A living willow fence

Living willow fence on Laird Drive by The Living Wall

There are hedges and there are fences. When the twain meets, it’s a living fence, like this one spied on Laird Drive at Commercial Road last spring.

A closer look showed the material used as willow wands. Straight, flexible and determined to grow – anywhere – willow is the ideal material for a project like this.

The fence secludes a bank entrance from some noisy transport traffic on Commercial – superior noise mitigation is one advantage of a living fence, according to the supplier’s website. Another benefit, important for urban users: no graffiti. Unless you count the brushstroke pattern of willow leaves as living graffiti, too. That I could live with, easily.

Some sleuthing uncovered this supplier to be The Living Wall (after trying to reach them, I finally confirmed the source by spotting this project on their Facebook page). Here are a few details.


This living fence is a woven basketwork of willow wands between wooden frames.
The saplings root where they touch, and eventually will grow to disguise the stationary framework
Drip hosing was integrated with the framework to irrigate the living fence until it becomes established
A few months later, the hedge is filling in very nicely

This isn’t the only type of living willow fence by any means. The other day, when researching Patrinia, I noticed that Bluestem Nursery sells willow rods, and even gives you their own recipe for weaving living willow structures. It might be a fun project for an ambitious gardener.

Just to show you how determined willow can be, take a look at these offshoots coming off the exposed roots of willows by Lake Ontario in Tommy Thompson Park. Where there’s a willow, there’s a way.

Extracts from plants like willow that sprout or root easily are sometimes used to help root other plants


  1. This is just what I have been looking for, Helen, thanks for sharing it! I really like the idea of the living fence, have the willow, recently coppiced to give us the long and straight whips to with which to weave it at Semi's house. Love that you are coming to Asheville next year!


  2. Fedge is a good name for it, Diana. Anything that roots easily might do. I've heard that hazel has also been used historically for this type of woven hedging.

  3. Awesome, I make non living willow fences and this has applications that I think would work well in certain places. Seems like they would need to be trimmed often. And then what about when they grow into trees?
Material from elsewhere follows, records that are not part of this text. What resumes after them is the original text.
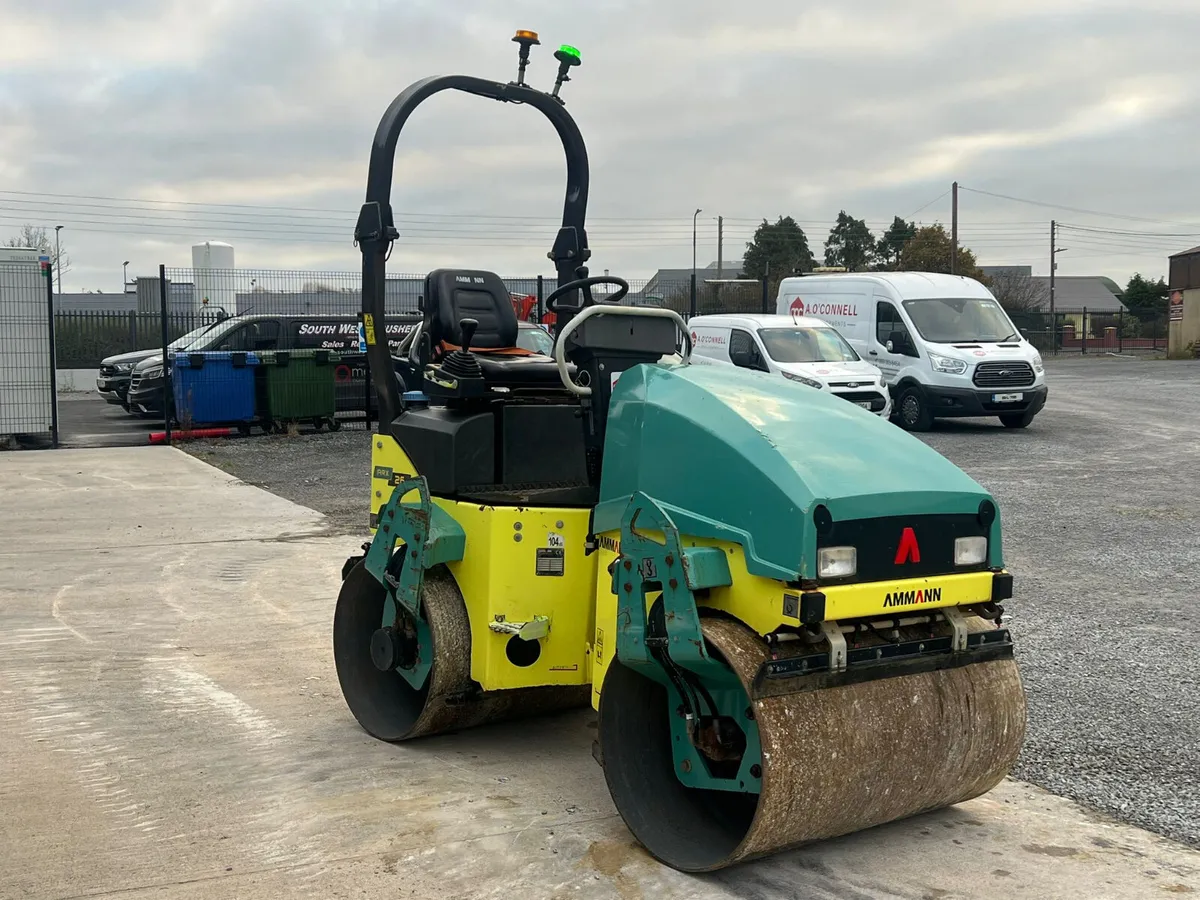 2019 Ammann Roller 1.2 #1091 - Image 3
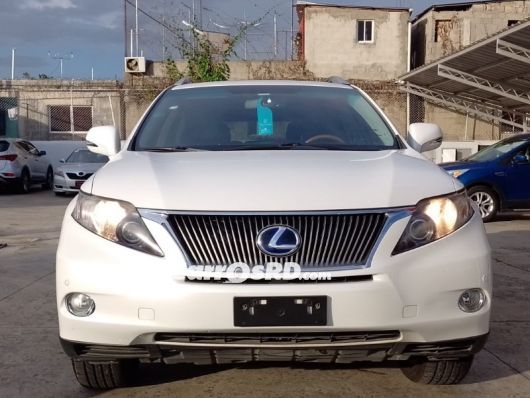 Lexus RX Jeepeta en venta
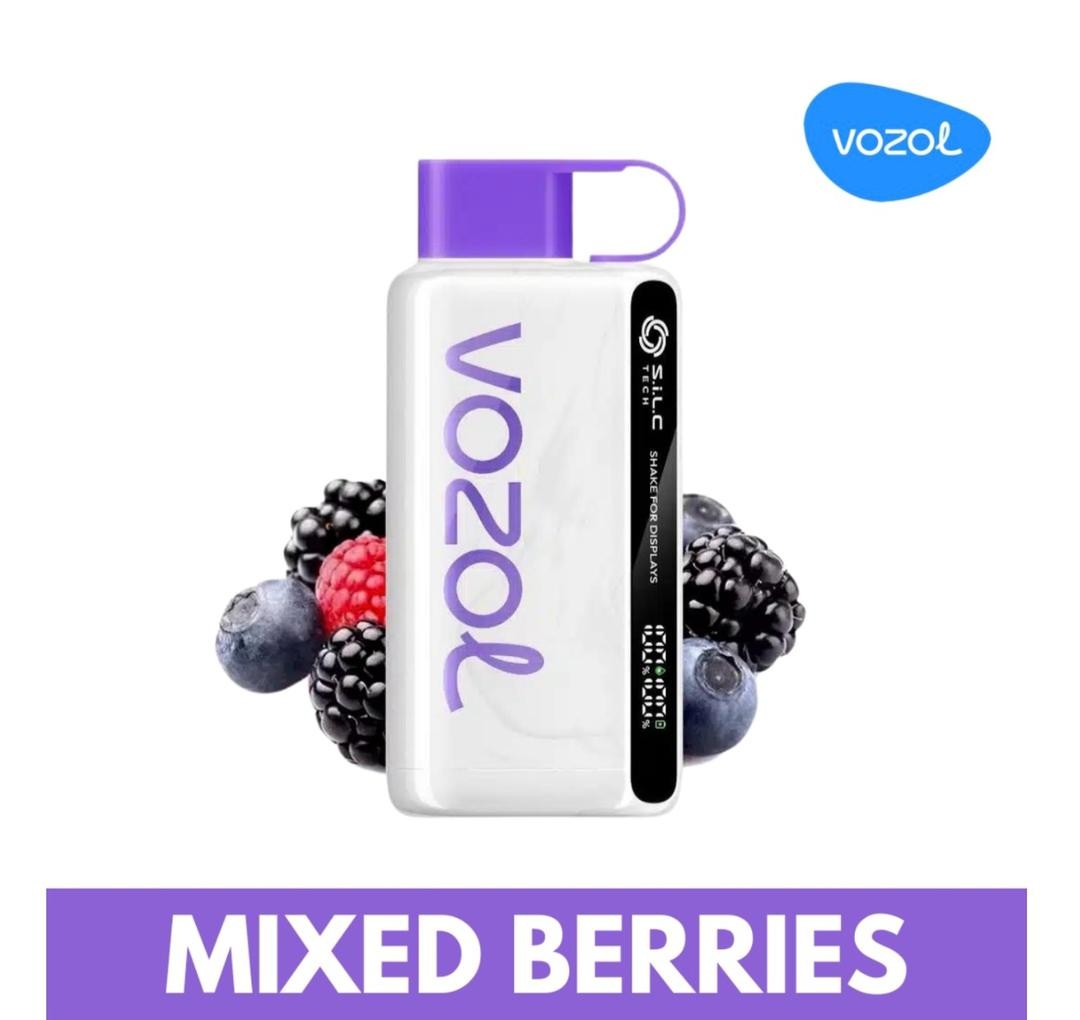 Vozol Star 12000 Coup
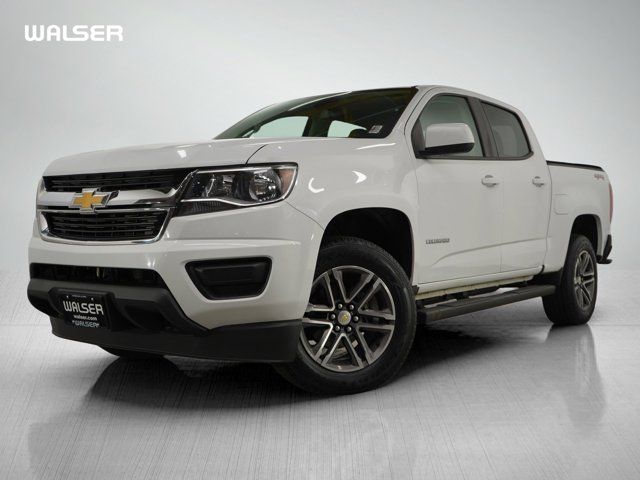 2019 Chevrolet Colorado Work Truck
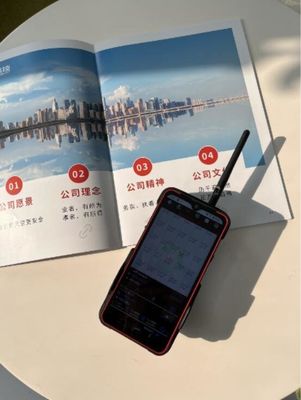 acheter Antenne détecteur de drones portable 300MHz-6000MHz toutes bandes fabrication en ligne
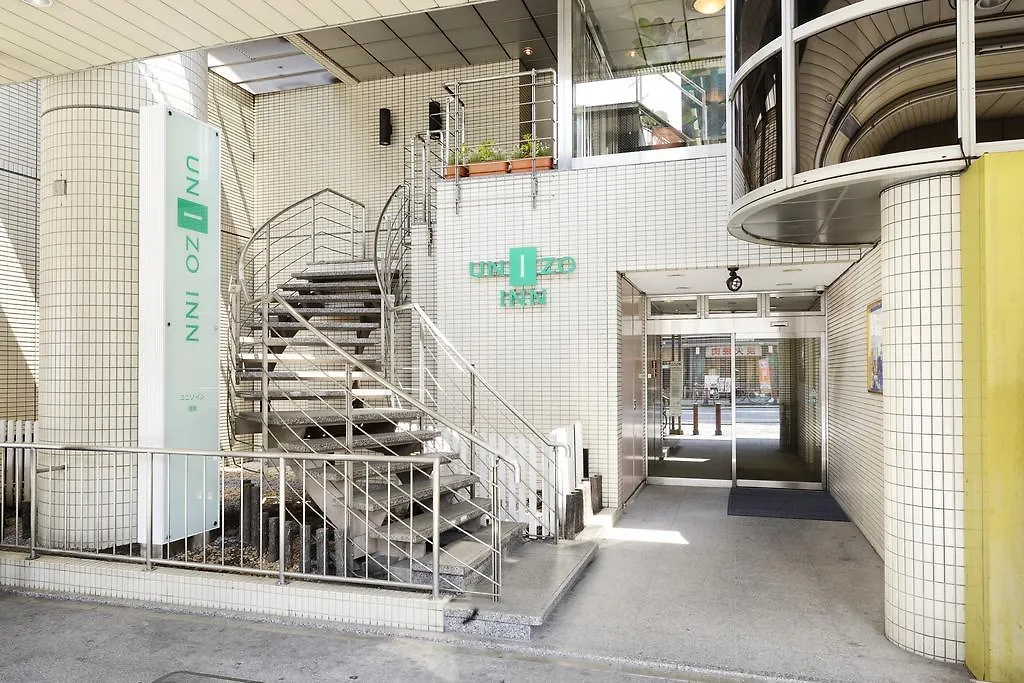 Unizo Inn Tokyo Asakusa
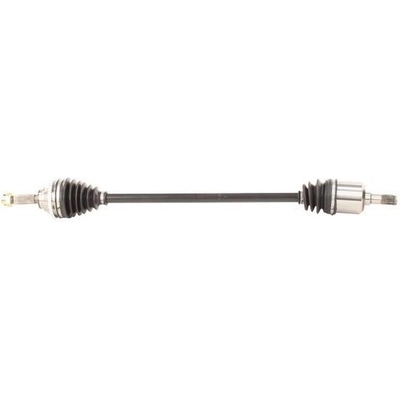 TRAKMOTIVE - HY8067 - CV Axle Shaft pa1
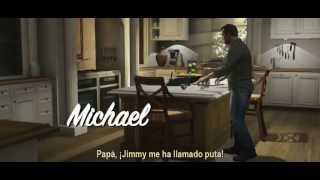 GTA V MICHAEL.FRANKLIN.TREVOR TRAILERS HD ESPAÑOL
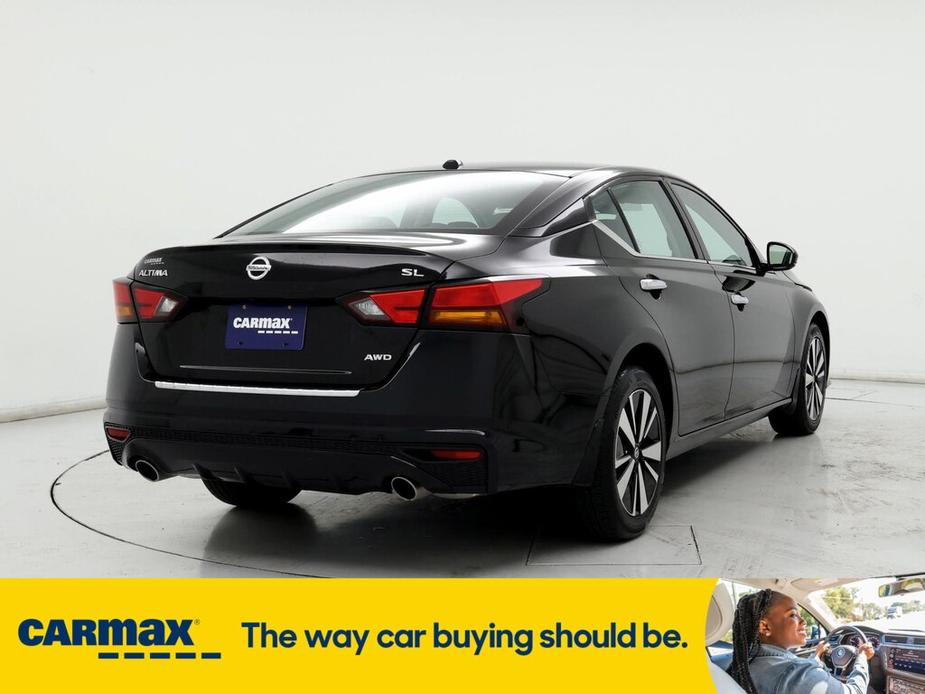 used 2022 Nissan Altima car, priced at $24,998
    1. Hi, David, Most hedges (eg. privet) have to be trimmed often and some (eg. Siberian elm) will grow into trees — huge trees — if left untended. We wrote about escaped hedges a while back. I'll likely do an update on this hedge this summer, so stay tuned.

    1. Whenever I've been near this hedge over the summer, I've either been in a hurry to get somewhere or couldn't find a place to stop. But it really has filled in over the years.